Viel Schönes, Wenig Luft
Beim zweiten Teil des Programms, der nach demselben Muster funktioniert, kommt der Kän-Guru allerdings dann doch noch ins Schwitzen. Daran sind zuallererst die tropischen Temperaturen im überfüllten Parterre Schuld, die bei Publikum wie Kabarettist zu Ermüdungserscheinungen bis zur Ermattung führen. Zusehends scheint sich Kling dabei durchs Programm zu kämpfen – und diese Angestrengtheit will nicht so recht zur betonten Légère- und Coolness des Vortrags passen. Schliesslich gibt sich Kling – genauso wie sein Alter Ego in seinen Känguru-Anekdoten irgendwann stets die Nase voll hat – keinerlei Mühe mehr, die eigene Überreizung zu verbergen: Erste Verhaspler und Intonationsunsicherheiten stellen sich ein. «Marc-Uwe, mach deinen Scheiss doch alleine» lässt er die nach Luft ringenden Leute passend dazu im Chor rufen.
Am Ende ist die Luft raus und alle Anwesenden scheinen gleichermassen erleichtert, dass man nun endlich raus an die Luft darf.

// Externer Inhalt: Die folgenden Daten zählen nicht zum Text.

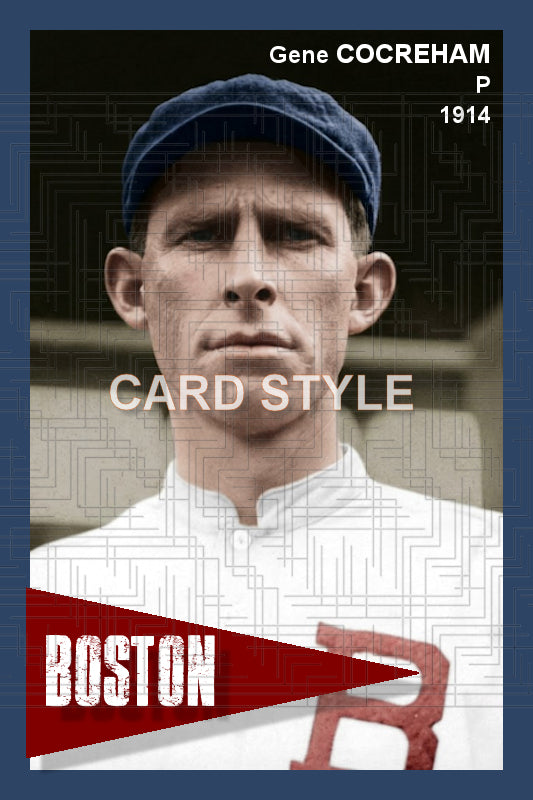 Gene Cocreham - 1914 Boston Braves - choose a size & style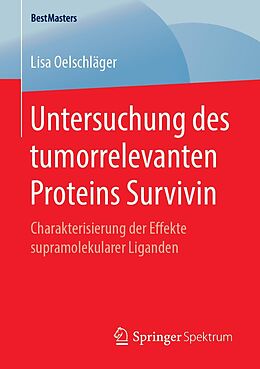 E-Book (pdf) Untersuchung des tumorrelevanten Proteins Survivin von Lisa Oelschläger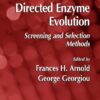 Directed Enzyme Evolution. Screening and Selection Methods eBook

Dennoch bleibt dieser Ausnahme-Entertainer, der als Autor, Sänger wie Stand-Up gleichermassen zu glänzen vermag, in bester Erinnerung – oder wie er es selbst zum Ende singend auf den Punkt bringt: «War viel Schönes dabei.» Denn dass auch Kling als Vertreter einer neuen Coolness im Kabarett zum Schluss des Abends überhitzt von der Bühne taumelt, macht diese humoristische Gallionsfigur der Gegenwart menschlich umso sympathischer.